I used multiple coats of tung oil on a TC Hawken(black walnut) .50 many years ago. I periodically go over it with a coat of Butchers wax. Still looks like new. Black powder, water, nothing seems to bother it.


----------



## chemmy (Dec 13, 2011)

ripjack13 said:


> I'm in the process of making 1911 wood grips and used tung oil on some Koa and it just didn't look shiny enough. Can I use wax over it? Or do I need to strip it down? I looked for wax finish on the search here but there was just way too many topics and I didn't want to go through all 2000 topics looking...any suggestions on this for a n00b grip maker?


Are they smooth grips or heavily checkered -carved-ect.?
If smooth just keep applying more tung, and burnish them more with burlap then cotton cloths. if ornamental, then still give them more coats and do the same and expect to wax them several times as the last steps ok?:yes:

PS: if your using pure raw tung try switching to "polymerized" tung for better build and gloss ok? I've done several stocks with polymerized tung that when rubbed down give an excellent high sheen.


----------



## ripjack13 (Feb 2, 2012)

I used pure tung from Woodcraft. About 3-4 coats. Grips are smooth ebony. And another is Koa.


----------



## chemmy (Dec 13, 2011)

ripjack13 said:


> I used pure tung from Woodcraft. About 3-4 coats. Grips are smooth ebony. And another is Koa.


Try the polymerized tung, you'll be glad you did. the mineral spirits sytem not the citrus solvent system!!

http://www.sutherlandwelles.com/products/tung-oil/


----------



## ripjack13 (Feb 2, 2012)

Thanx..I'll check out that stuff this weekend.


----------



## ripjack13 (Feb 2, 2012)

chemmy said:


> Try the polymerized tung, you'll be glad you did. the mineral spirits sytem not the citrus solvent system!!
> 
> http://www.sutherlandwelles.com/products/tung-oil/


Any specific one? they list four of them when I mouse over the polymerized tung and there's 2 that have the mineral spirits.
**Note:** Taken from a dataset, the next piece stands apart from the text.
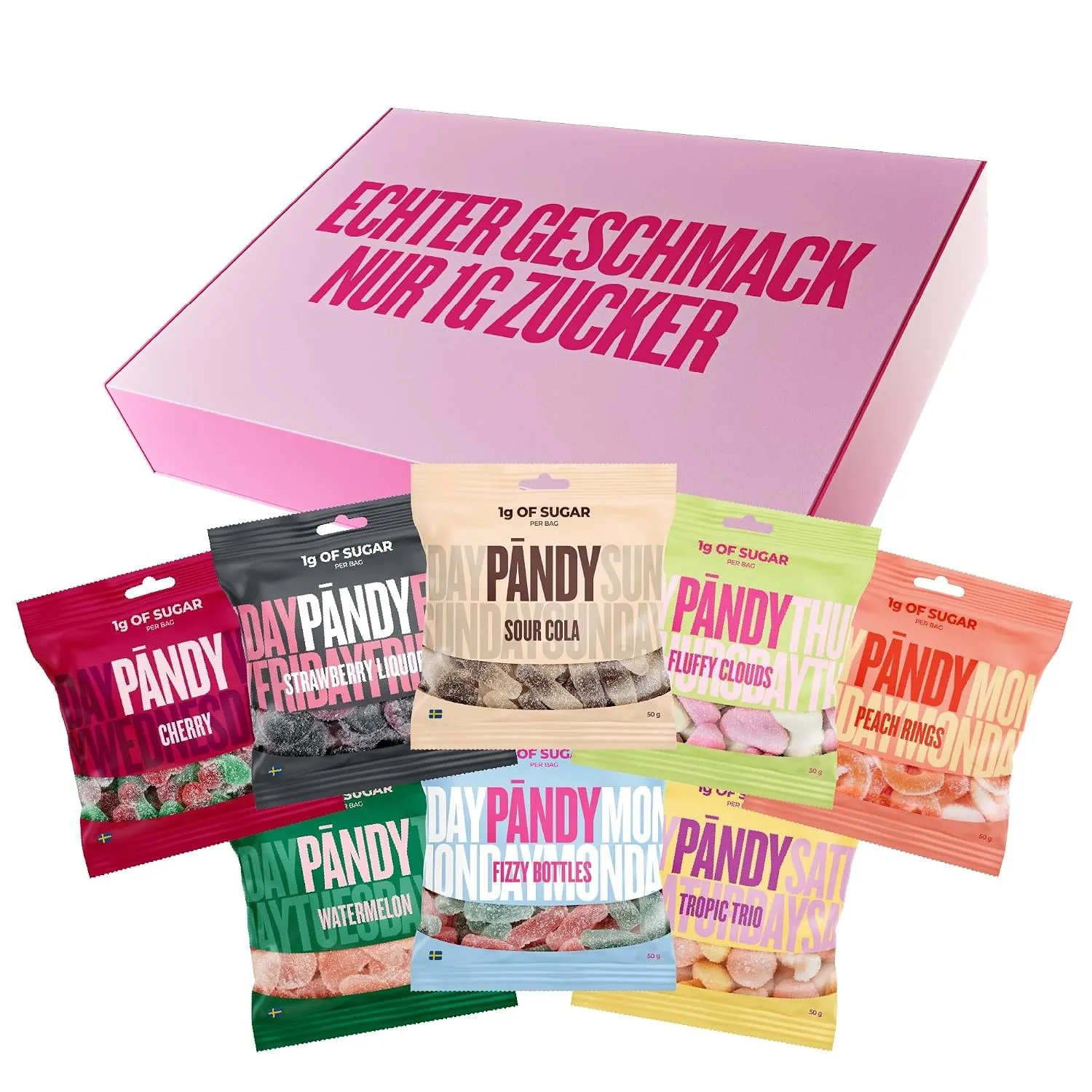 Pändy 8 Mix Süßigkeiten Multipack, Gummibärchen, 1g Zucker, 8x 50g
Either the 
*Original Formula*

Interior applications only. Available in Sealer, Low, Medium and High Lustre. This formulation uses a highly refined mineral spirit solvent system.


OR the 

*Exterior Polymerized Tung Oil*

Exterior applications only. Available in Exterior Sealer and Medium Lustre. Formulated with our highly refined mineral spirit solvent, two ultraviolet guards and a mildewcide to protect the cured surface.


Obviously the grips might be subjected to outside weather, so shall I go with the Exterior product?

And thanx for the answers guys! you rock!


----------



## chemmy (Dec 13, 2011)

ripjack13 said:


> Any specific one? they list four of them when I mouse over the polymerized tung and there's 2 that have the mineral spirits. Either the
> *Original Formula*
> 
> Interior applications only. Available in Sealer, Low, Medium and High Lustre. This formulation uses a highly refined mineral spirit solvent system.
> ...


Absolutely!! exerior!!


----------



## ripjack13 (Feb 2, 2012)

Thanx. Just ordered some.


----------